- INFORMATION PROVIDED
Segment Open
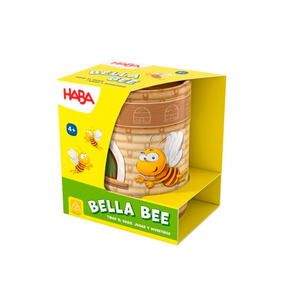 Bella Bee - Colorido juego de dados de viaje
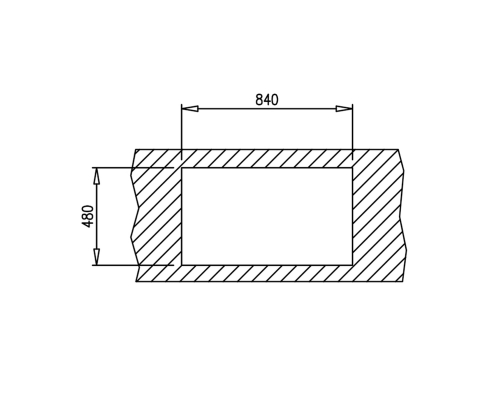 Мийка з нержавіючої сталі Teka Classic 1B 1D  10119056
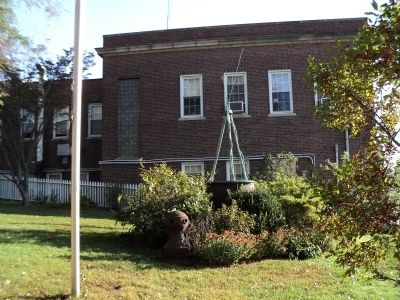 Marker in New London image. Click for full size.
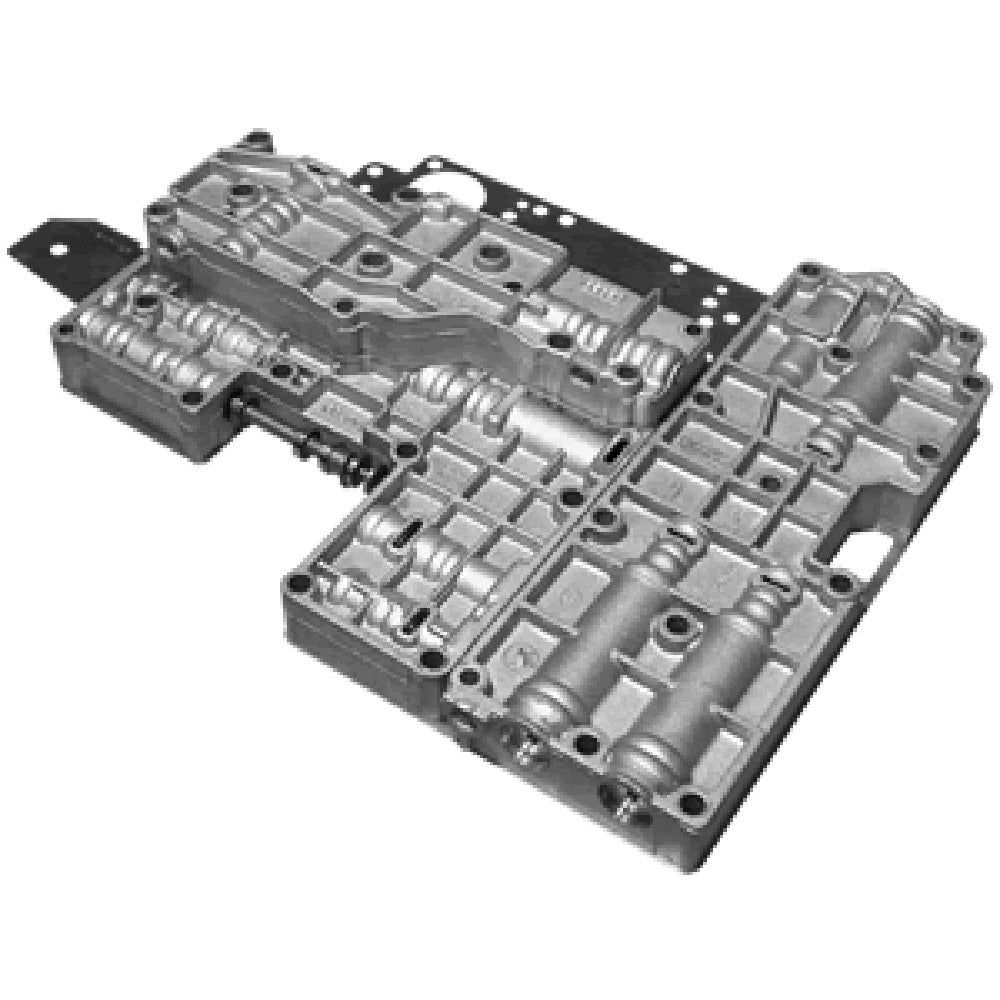 ATS E4Od 4R100 Accumulator Valve Body Fits 1989-1998 7.3L Power Stroke 303-903-3104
Segment Closed
- WHAT IS EXPECTED
Every line from the one with "Marker in New" through the end of the material above should be restated word for word, with the pictures left out.

- ANSWER TO THIS EXERCISE
 Marker in New London image. Click for full size.
 ATS E4Od 4R100 Accumulator Valve Body Fits 1989-1998 7.3L Power Stroke 303-903-3104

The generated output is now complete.